Love puts away the instruments
and takes off the silk robes. Our nakedness
together changes me completely.
Starting with 50-year-old prose translations by the British scholar A.J. Arberry, Barks takes liberties to make Rumi’s language more accessible and universal. Occasionally this results in more than subtle changes in meaning. In one mistake, documented by the independent scholar Ibrahim Gamard, Barks mistranslates the word “blind” as “blond” due to a typo in Arberry’s version—inadvertently turning a scene about the abandonment of those who don’t know God (“Bright-hearted companions, haste, despite all the blind ones, to home, to home!”) into a part about resisting sexual lures (“I know it’s tempting to stay and meet these blonde women”). In Rumi’s time, it’s hard to imagine that there were many women with yellow hair; there wasn’t even a word for it.
Barks’s wholesome soulfulness should be credited for bringing Rumi’s work to popularity, but in the process he leaves behind perhaps the most important part of the poems. “Rumi is not a great poet in spite of Islam,” says William Chittick, a Sufi literature scholar at Stony Brook University. “He’s a great poet because of Islam. It’s because he lived his religion fully that he became this great expositor on beauty and love.”
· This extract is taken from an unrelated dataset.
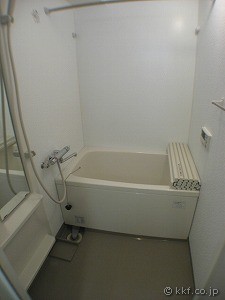 �o�X���[��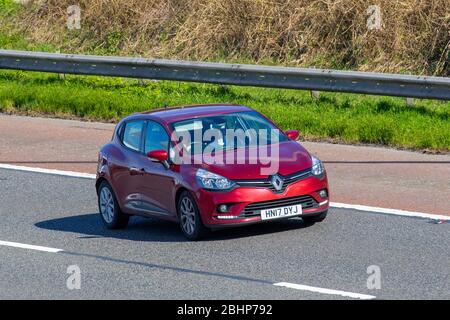 2017 rouge Renault Clio dynamique NAV ; véhicules routiers pour véhicules, véhicule de conduite sur route, moteurs, moteur, automobile sur autoroute Banque D'Images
There’s a sense in Rumi’s poems that he is at his emotional limits, simultaneously ecstatic and exhausted. His faith seems desperate, and almost tangible. Such devotion is striking because it’s inspired by God, not by the promise of sex as it sometimes appears in the translations. “He was the most important religious figure of his day,” says Jawid Mojaddedi, an Afghan-born Rumi scholar at Rutgers, whose translation of Book Two of Rumi’s Masnavi came out this month. “And yet people are shocked to find out Rumi was Muslim; they assume he must have spent his life persecuted for his beliefs, hiding in some cave in Afghanistan. We talk of clash of civilizations, and yet there’s this link that needs to be spelled out.” (Rumi’s success in America has actually boosted his popularity, Mojaddedi says, in parts of the Middle East.)
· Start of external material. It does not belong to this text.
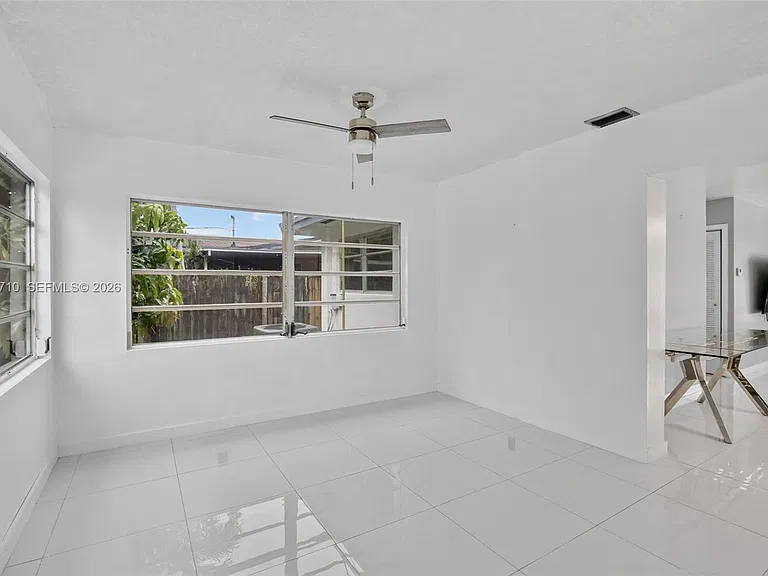 2331 Flamingo Dr — Photo 20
But for many readers, Rumi’s Persian background has little bearing on the force of his poems. He has come to embody a kind of free-for-all American spirituality that has as much to do with Walt Whitman as Muhammad. Rumi’s work has become so universal that it can mean anything; readers use the poems for recreational self-discovery, finding in the lines whatever they wish. “It’s impossible to take Rumi out of context,” says Shahram Shiva, a Rumi translator and performance poet who regularly gives readings of Rumi’s poems, often in yoga studios. “Great art doesn’t need context,” he says. “The best thing for Beethoven’s popularity was when they put a disco beat behind Symphony no. 5.” Shiva recites Rumi to the accompaniment of flute, piccolo, piano, conch shell, and harmonica and belts out the lines in a deep, sultry Broadway voice. “Rumi’s one of the great creative beings on this planet,” he says, “a mixture of Mozart and Francis [of] Assisi, with a little Galileo thrown in, and maybe some Shakespeare and Dante.”
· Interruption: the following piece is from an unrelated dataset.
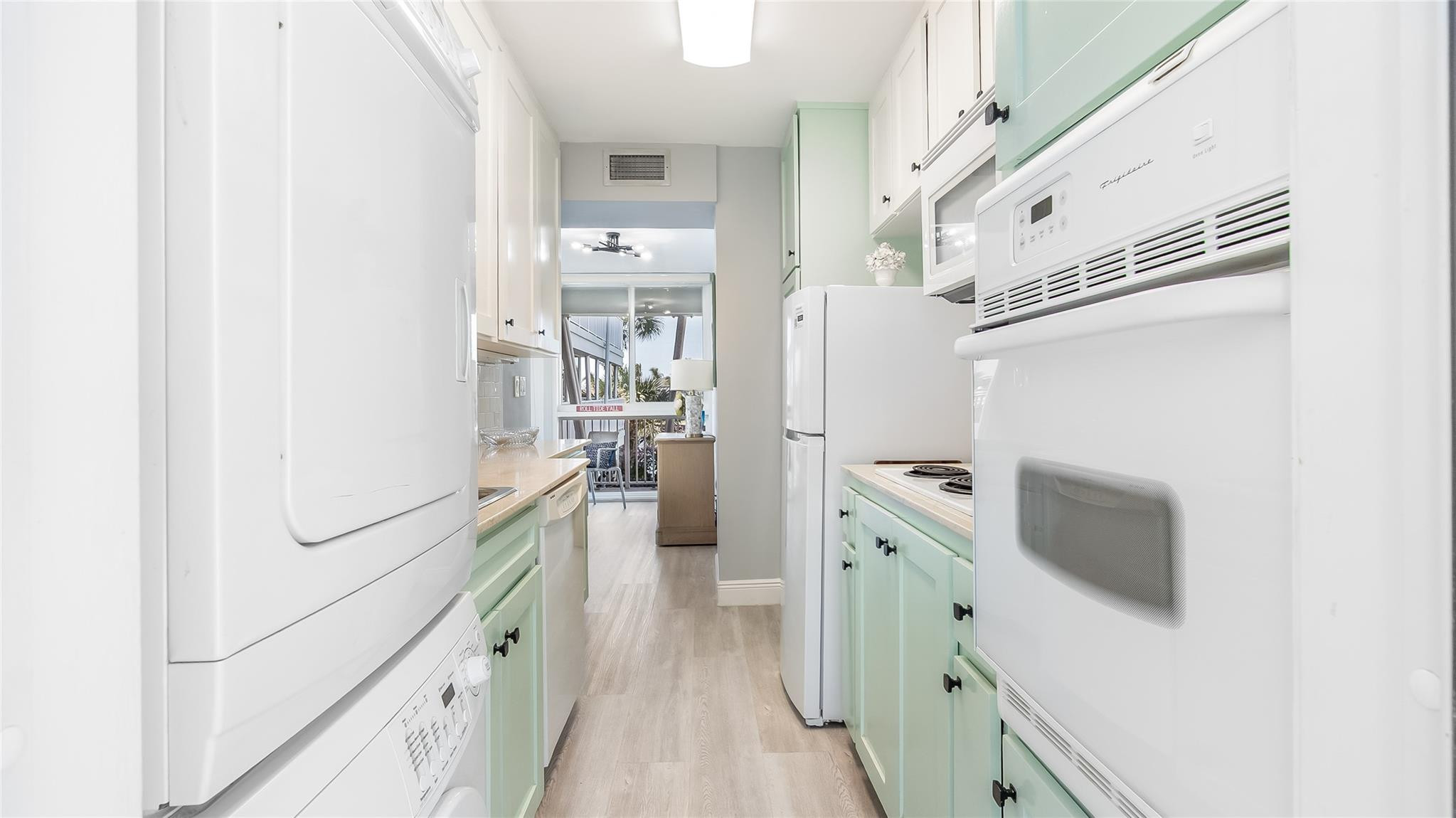 1221 Hillsboro Mile #39B Hillsboro Beach, FL 33062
In his most anthologized poems Rumi comes off as a saintly Tony Robbins, urging people to break barriers, stop worrying, touch the sky, make love, never surrender. It’s as if publishers worry that reading poetry is such a fragile enterprise that too much weight and context and not enough sex will scare everyone away. Helminski, who used to run a publishing company that put out Barks’s early books, noticed a consistent sensibility in the lines readers were requesting permission to quote: those suggesting that there’s no conventional morality, no such thing as ethical failure. The number one requested line was “Out beyond ideas of wrongdoing and rightdoing / there is a field. I’ll meet you there.” “Our culture is so shame-ridden that when someone comes along and says, ‘You’re OK,’ it’s a great relief,” says Helminski. “Americans still have an adolescent relationship with Rumi. It will take some maturing before we move beyond the clichés.”